In the 2008 decision of Witt v. Department of Air Force, the Ninth Circuit found that the government must prove that Major Witt’s DADT discharge was necessary to “advance an important governmental interest (this is often referred to as the “Witt standard”). Under the Witt standard, the military is required to demonstrate that each individual discharged under DADT, such as Major Witt, has a negative impact on his/her unit because of his/her sexual orientation. The district court will determine if Major Witt’s sexual orientation negatively impacted unit cohesion. If it is determined that Major Witt did not negatively impact unit cohesion, she has requested to be reinstated in the Air Force. This decision is expected to pave the way for how the Witt standard will be applied in the Ninth Circuit – and how discharges and reinstatements may be reviewed under the standard.

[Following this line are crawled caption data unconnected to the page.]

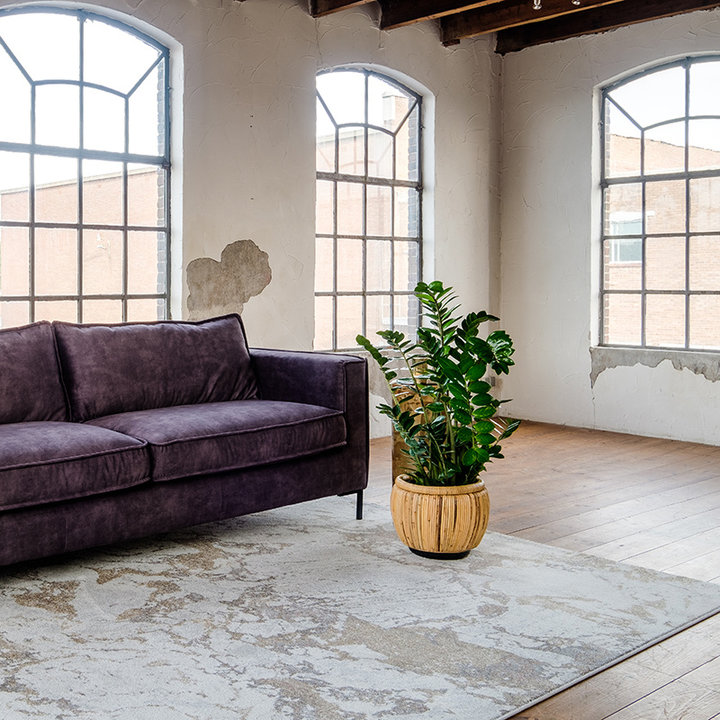 Modern vloerkleed - Mark Geel/Creme | Een stijlvol interieur!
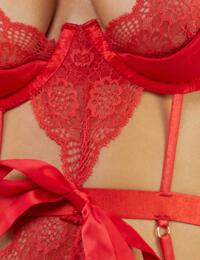 Wolf & Whistle Bella Satin and Lace Body Red 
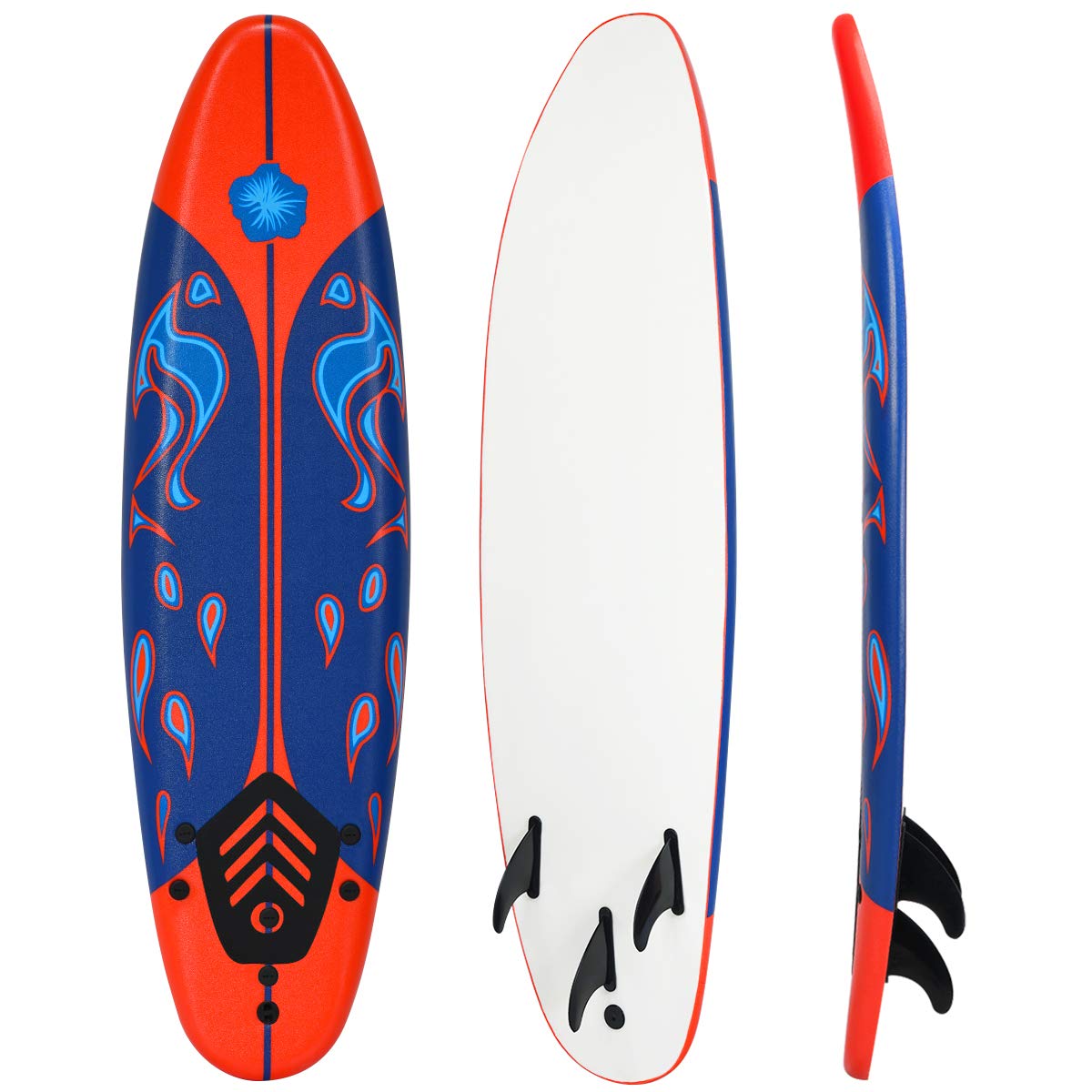 Giantex 6' Surfboard Surfing Surf Beach Ocean Body Foamier Board with Removable Fins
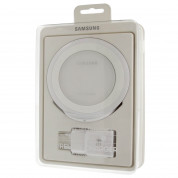 Samsung Inductive Wireless Fast Charge Stand NG930TW - поставка (пад) за безжично захранване с 2.1А захранване и MicroUSb кабел за QI съвместими устройства (бял)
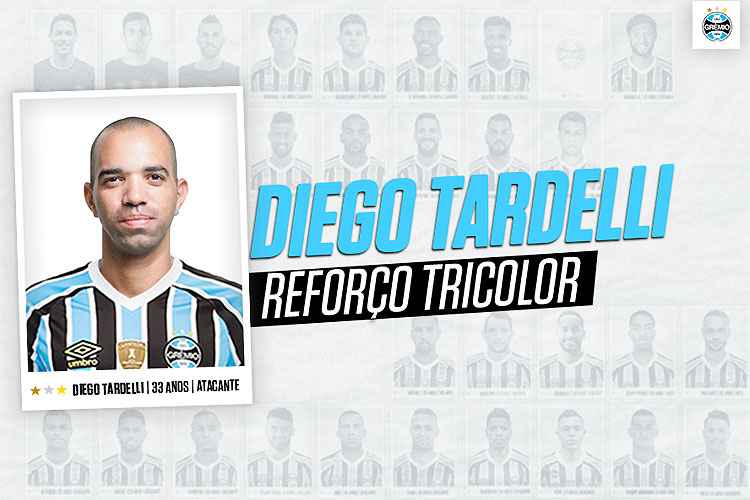 Grêmio anunciou pela internet a contratação de Diego Tardelli; contrato é de três anos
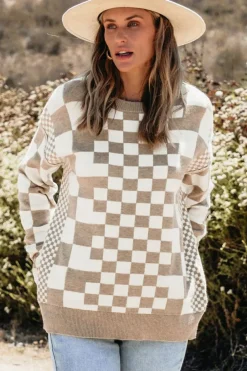 Outlet Dear-Lover Checkered Print Drop Shoulder Round Neck Sweater Khaki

While DADT litigation continues in the courts, Congress is moving forward with legislation to repeal the failed law. Late yesterday, it was reported that Senate Majority Leader Harry Reid (D-NV) intends to schedule a vote next week on the National Defense Authorization bill, which contains DADT repeal language. The House of Representatives passed its DADT repeal-inclusive National Defense Authorization bill in late May.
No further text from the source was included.